**Exercise prompt**
Your answer should be the lines below from the one with "郑州园博园路线怎么走_郑州园博园路线怎么走的" to the one with "Mercury by Ghostemane Wallpaper | TikTok", both included, given again exactly and with nothing added.

══ Entries supplied ══

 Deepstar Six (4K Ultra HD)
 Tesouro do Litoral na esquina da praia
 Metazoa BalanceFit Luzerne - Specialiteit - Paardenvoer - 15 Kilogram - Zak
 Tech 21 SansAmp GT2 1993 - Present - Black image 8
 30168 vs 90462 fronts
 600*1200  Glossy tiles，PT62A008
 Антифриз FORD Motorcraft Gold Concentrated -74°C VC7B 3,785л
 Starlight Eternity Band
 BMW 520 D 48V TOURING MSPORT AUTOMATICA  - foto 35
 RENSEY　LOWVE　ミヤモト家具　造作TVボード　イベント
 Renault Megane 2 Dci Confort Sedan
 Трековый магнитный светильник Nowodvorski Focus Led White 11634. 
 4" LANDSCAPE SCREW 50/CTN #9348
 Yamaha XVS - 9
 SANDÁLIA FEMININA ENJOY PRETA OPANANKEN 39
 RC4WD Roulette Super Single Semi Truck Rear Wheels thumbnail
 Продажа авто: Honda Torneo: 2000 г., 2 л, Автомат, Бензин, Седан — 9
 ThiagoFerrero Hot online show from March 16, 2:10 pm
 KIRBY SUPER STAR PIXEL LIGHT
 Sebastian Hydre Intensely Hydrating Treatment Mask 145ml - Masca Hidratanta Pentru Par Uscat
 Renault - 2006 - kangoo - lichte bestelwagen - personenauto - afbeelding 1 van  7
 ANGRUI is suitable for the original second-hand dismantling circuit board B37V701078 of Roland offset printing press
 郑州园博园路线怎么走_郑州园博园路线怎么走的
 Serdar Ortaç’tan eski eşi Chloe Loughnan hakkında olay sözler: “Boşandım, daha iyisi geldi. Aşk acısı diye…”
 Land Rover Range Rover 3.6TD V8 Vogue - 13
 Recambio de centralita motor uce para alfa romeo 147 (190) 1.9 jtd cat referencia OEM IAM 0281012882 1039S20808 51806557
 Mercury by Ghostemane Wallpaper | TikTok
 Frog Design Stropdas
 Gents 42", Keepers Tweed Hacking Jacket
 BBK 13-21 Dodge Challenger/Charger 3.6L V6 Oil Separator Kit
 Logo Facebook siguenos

═══

**Solution**
 郑州园博园路线怎么走_郑州园博园路线怎么走的
 Serdar Ortaç’tan eski eşi Chloe Loughnan hakkında olay sözler: “Boşandım, daha iyisi geldi. Aşk acısı diye…”
 Land Rover Range Rover 3.6TD V8 Vogue - 13
 Recambio de centralita motor uce para alfa romeo 147 (190) 1.9 jtd cat referencia OEM IAM 0281012882 1039S20808 51806557
 Mercury by Ghostemane Wallpaper | TikTok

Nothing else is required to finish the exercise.